According to a recent Harvard University housing study, the cost of U.S. houses rose 5.6 percent in 2016. The report found that more than 38 million Americans cannot afford their housing. This statistic has grown 146 percent within the past 16 years. Harvard’s study ascertained affordability data by following federal guidelines that state households are “cost burdened” if they spend 30 percent of income on housing related fees, including insurance, taxes, and mortgage. Interest rates on homes are on the downturn, and not increasing, contrary to general wisdom.
The 2017 State of the Nation’s Housing report states that homeownership rate dropped to 63.4 percent. In the second quarter of 2016, the rate reached 62.9 percent, a record low since 1965. The research deduces that homeownership continues to decline partially because wages have not kept up with the rising house prices. More portions of homeowners in low-income communities than those in higher-income communities are immersed in mortgage debt, with little opportunity to pay down debt, add to savings, or sell. With homeownership declining, renting is becoming increasingly popular, and rental prices are increasing.
Dan McCue, senior research associate of the Joint Center for Housing Studies at Harvard University explains how unaffordable housing affects GDP,
It forces them to constrict spending on other items, which would reduce spending on other parts of the economy.
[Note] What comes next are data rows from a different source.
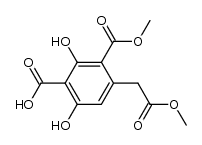 dimethyl 4-carboxy-3,5-dihydroxyhomophthalate结构式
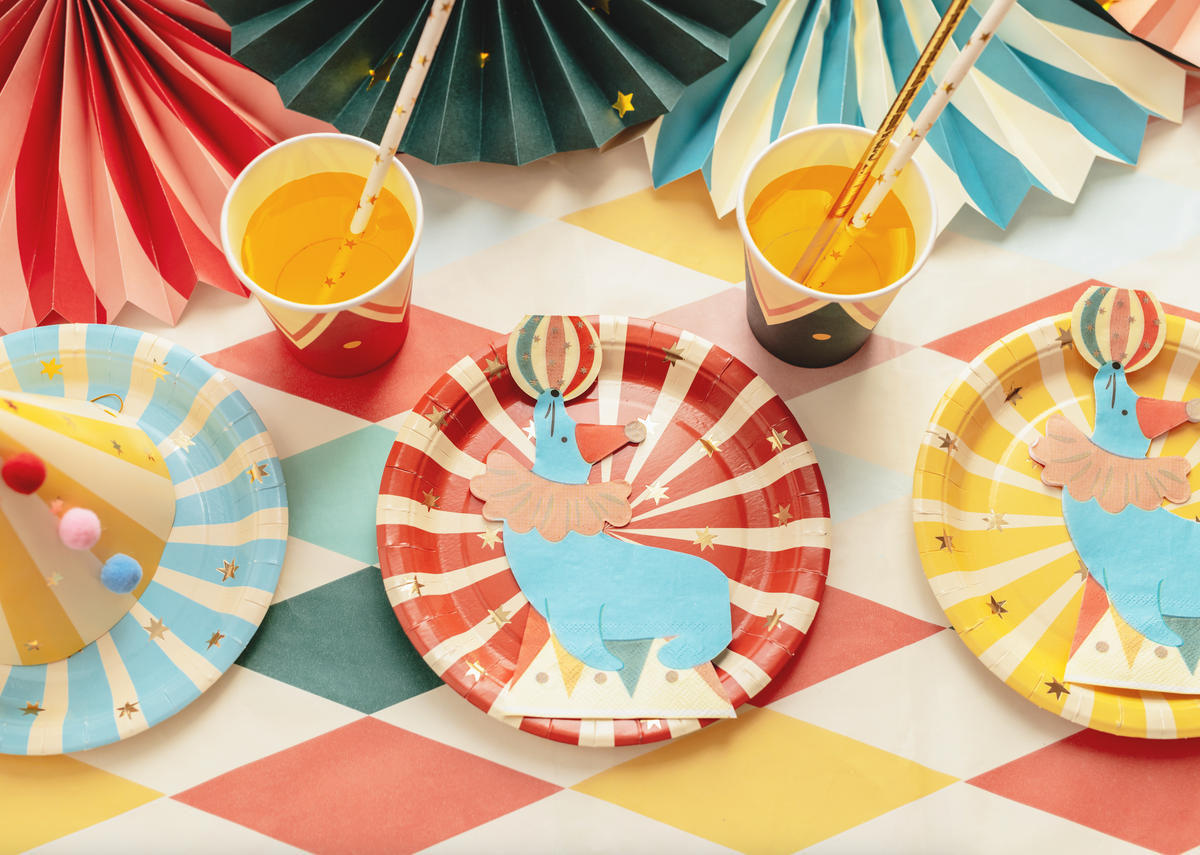 Colorful Diamonds Paper Tablecloth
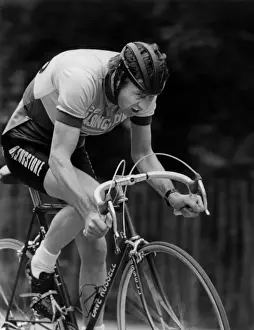 Cycling Safety Gear Prints: Racing Cyclist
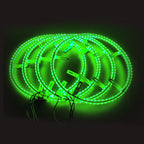 RGB wheel ring lights by Lucky Whips featuring dual wheel design with vibrant, colorful lighting for cars or bikes.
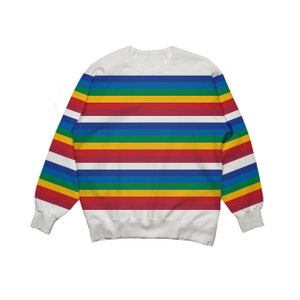 Rainbow Sweater in White | Pride Month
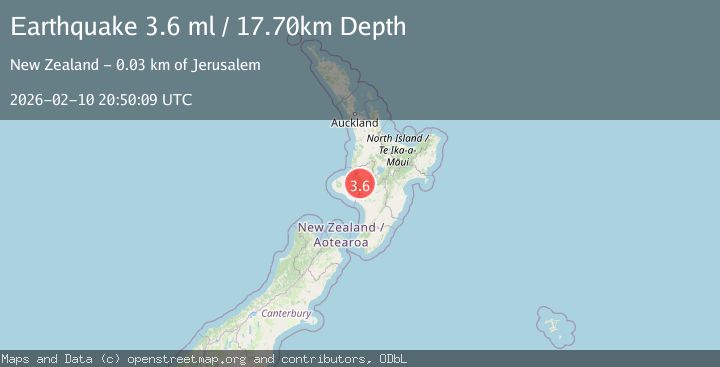 Map of NORTH ISLAND OF NEW ZEALAND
They would buy less, save less, reduce savings…”For lower income groups, it’s even worse than stagnation. It’s not keeping up with inflation,
says McCue. 70.3 percent of the lowest-income families, who earn less than $15,000 a year, spend over 50 percent of their income on housing.
The question of housing affordability and difference on real home price appreciation has a regional structure. Inflation-adjusted home values on the East Coast and West Coast increased 40 percent since 2000, while home values in metro areas of the Midwest and South have been declining. 45 percent of renting households in metro areas were able to afford their monthly costs for a median-priced home. In metro areas with higher-cost homes of the Northeast, Florida, and the Pacific Coast, less than 25 percent could afford monthly payments. Should the homeownership rate keep declining, rental households might increase by 8.7 million in 2015 to 2025.